PHP Types

Posted on by Chris Warburton

This is short ramble about PHP’s type system and the meaning of our programs.

Semantics

A programming system can usually be considered as 2 different parts; syntax and semantics. Syntax is the particular way that things need to be written in order for them to be “well formed” or “syntactically correct”; in other words, syntax separates valid programs from invalid programs based on how they’re written (for example my$ =; is invalid PHP). Semantics on the other hand, separates valid and invalid programs based on their behaviour or meaning. This is much trickier, since misbehaving programs are much harder to spot than incorrectly written ones, and in order to spot “bad” behaviour we need to know what “good” behaviour is, and even what we mean by “behaviour”.
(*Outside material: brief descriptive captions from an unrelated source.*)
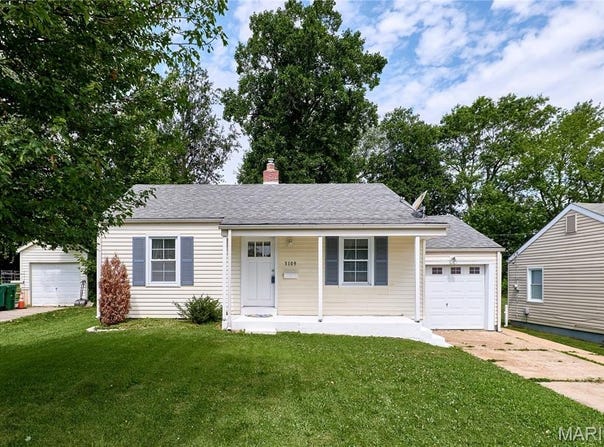 3109 Pearl Harbor Drive, St Ann, MO 63074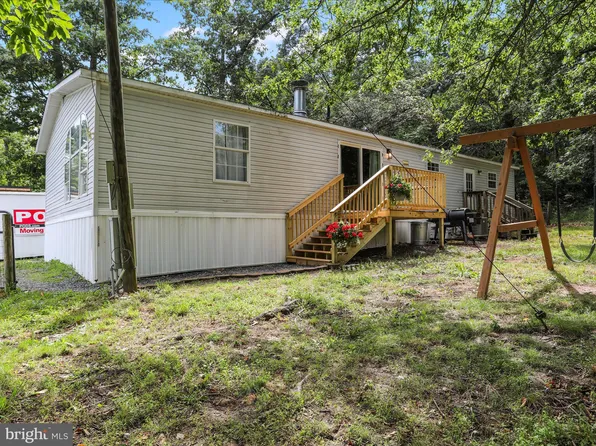 2190 Needmore Rd, Martinsburg, WV 25403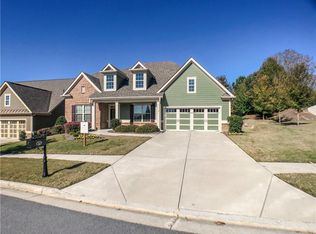 6808 Bent Twig Way, Flowery Branch, GA 30542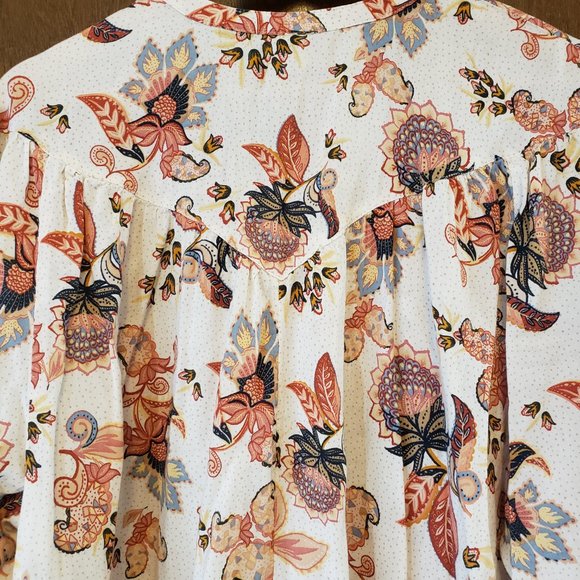 Old Navy Floral Print Top - Picture 6 of 6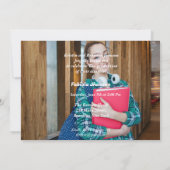 卒業生の2枚の写真が入ったモノクロのスクリプトの招待状 招待状 (裏面)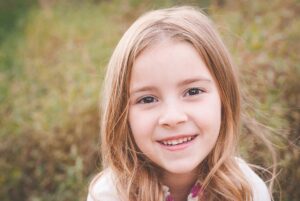 portrait of little girl - omaha, ne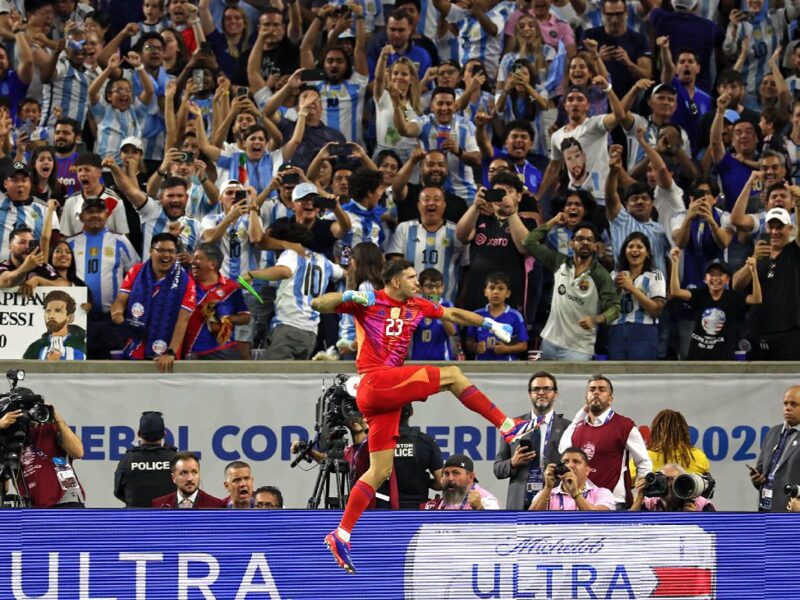 Argentina a semifinales de Copa América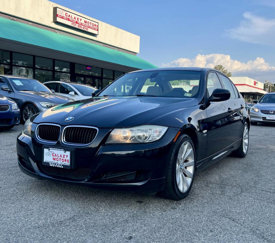 Used 2011 BMW 328i xDrive Sedan image 1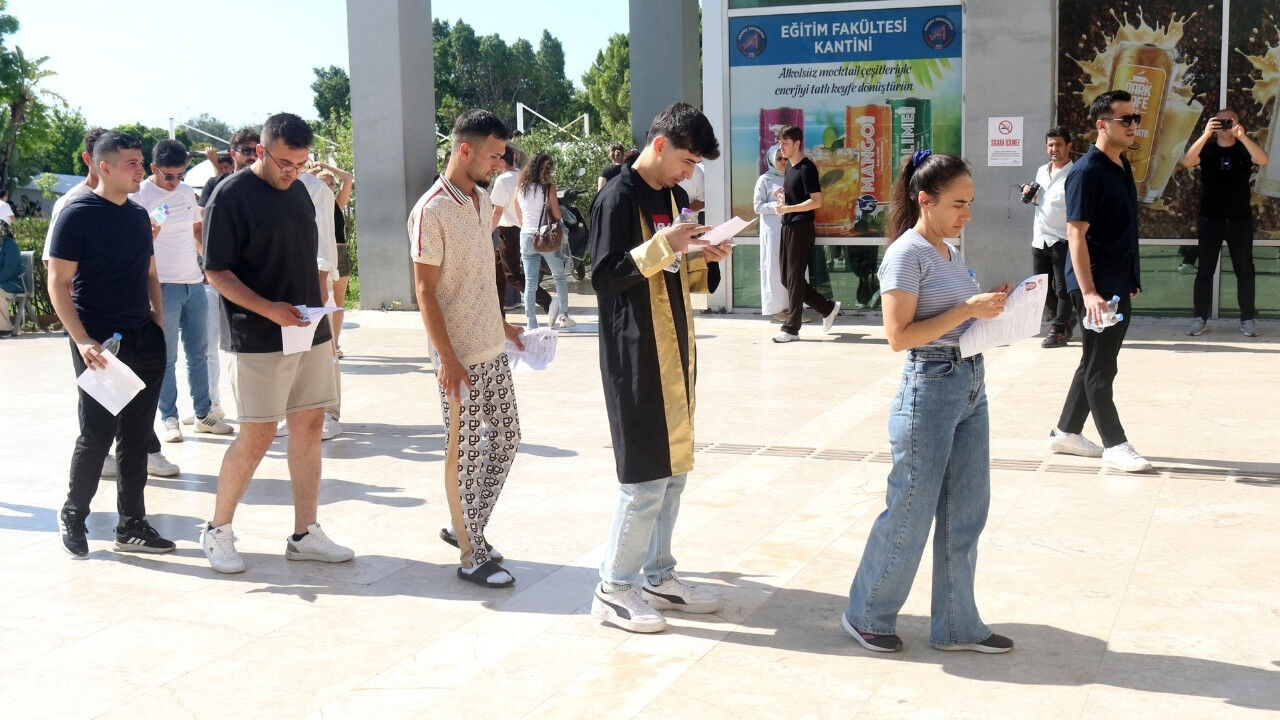 Aracını Park Edemeyince Sınava Geç Kalan Aday Içeri Alınmadı (8)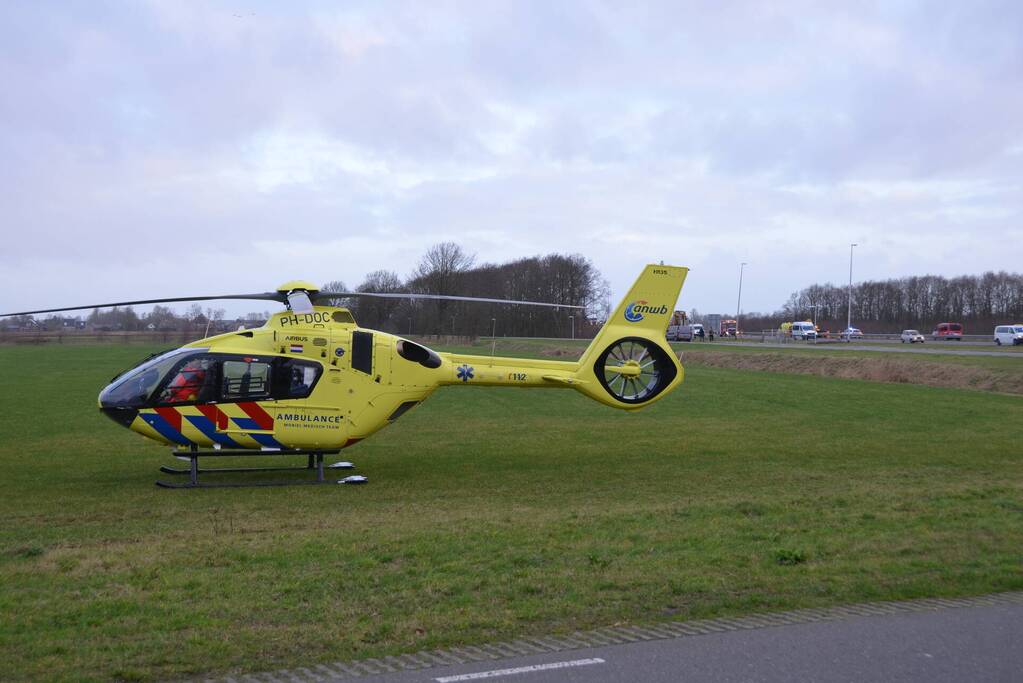 Automobilist zwaargewond bij verkeersongeval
In PHP, the “meaning” of the code we write is that the computer will start at the first line of the first file it is given and treat each statement it finds as an instruction to carry out (joined together by semicolons which mean “and then”), until it either runs out of instructions or is told to stop. These instructions can modify the state of the computer. Computer Scientists would call this a form of “operational semantics”; the meaning of the code depends on some physical operation being performed, in this case the meaning of the code is the changes it makes to the state of the computer (its memory).

This simple definition allows us to spot that code like this:

$x = 0;
$x = $x;

is ‘wrong’ because we know that the second line will never change the state, and thus is ‘meaningless’ from the point of view of PHP. In this case the mistake is harmless, since by definition it doesn’t change the behaviour. There are much harder problems to deal with though, where the incorrect instruction depends on the state of the program when it is run, and we can use much more sophisticated techniques to find them.

Types

Understanding more about the semantics of PHP values, and in particular its type system allows us to spot and prevent many mistakes in the behaviour of our programs.

The type of some value, in a very non-rigourous sense, depends on both the way we represent that value and what we can do with it. Computers are built out of circuits which carry electricity, but the design of these circuits causes the electric signals to behave like numbers. Thus the most basic kind of thing, or type of value, that a computer can handle is (whole) numbers, since they’re built into the hardware of the machine.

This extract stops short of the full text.